╭──

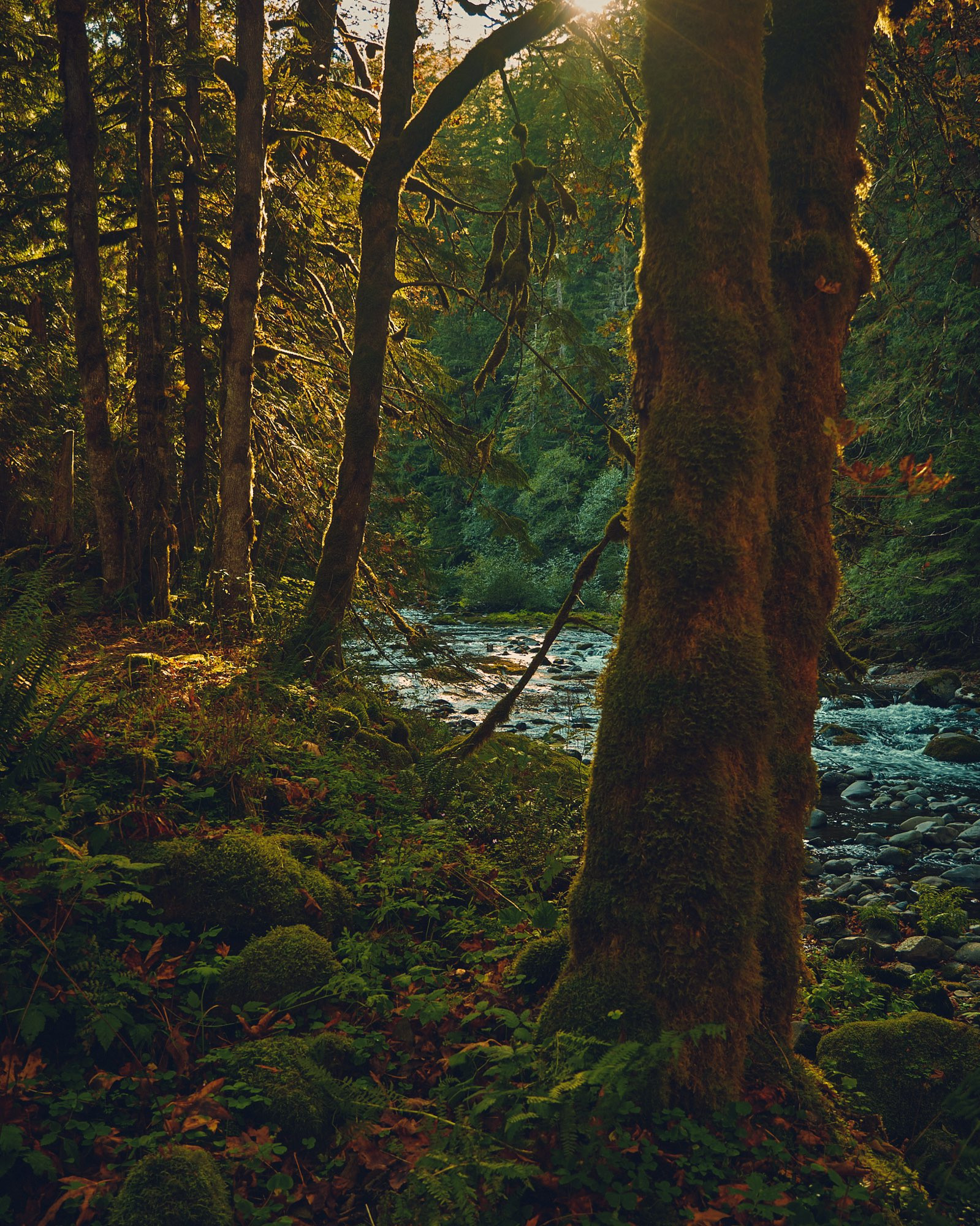 A color photograph of a river rushing through an old growth forest. Sunlight barely flickers off of a few tall trees as it peeks over the canyon.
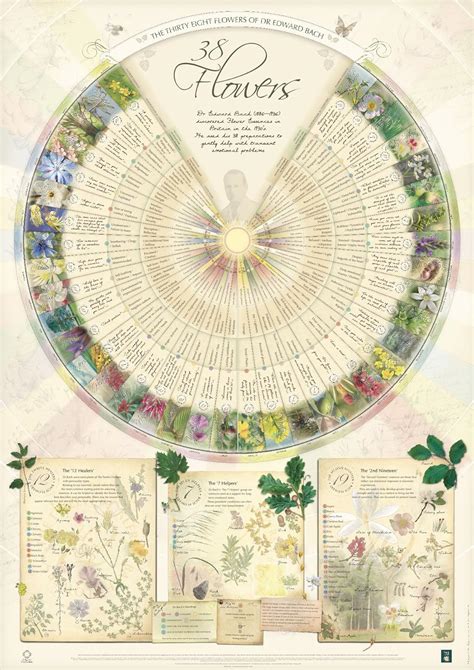 Bach Flower Poster Wall Chart For The 38 Essences A1 Uk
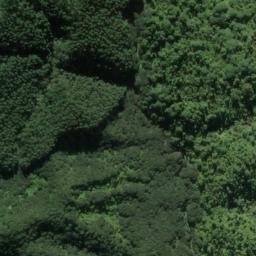 Satellite imagery of Whakarurunga, NZ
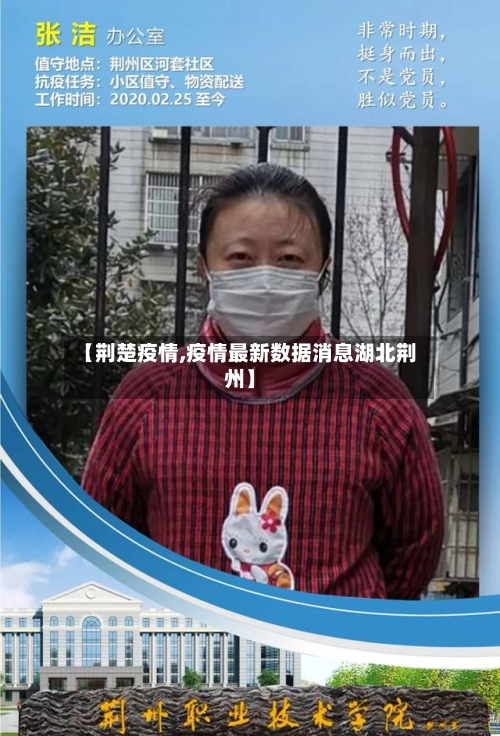 【荆楚疫情,疫情最新数据消息湖北荆州】-第2张图片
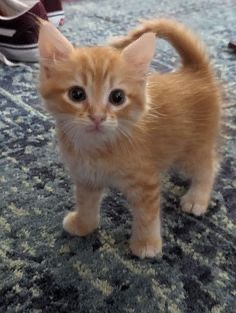 Котенок девочка рыжая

╰──

**What to work on**
Leave out the pictures and give the rest of the records again exactly.

**Response to this task**
 A color photograph of a river rushing through an old growth forest. Sunlight barely flickers off of a few tall trees as it peeks over the canyon.
 Bach Flower Poster Wall Chart For The 38 Essences A1 Uk
 Satellite imagery of Whakarurunga, NZ
 【荆楚疫情,疫情最新数据消息湖北荆州】-第2张图片
 Котенок девочка рыжая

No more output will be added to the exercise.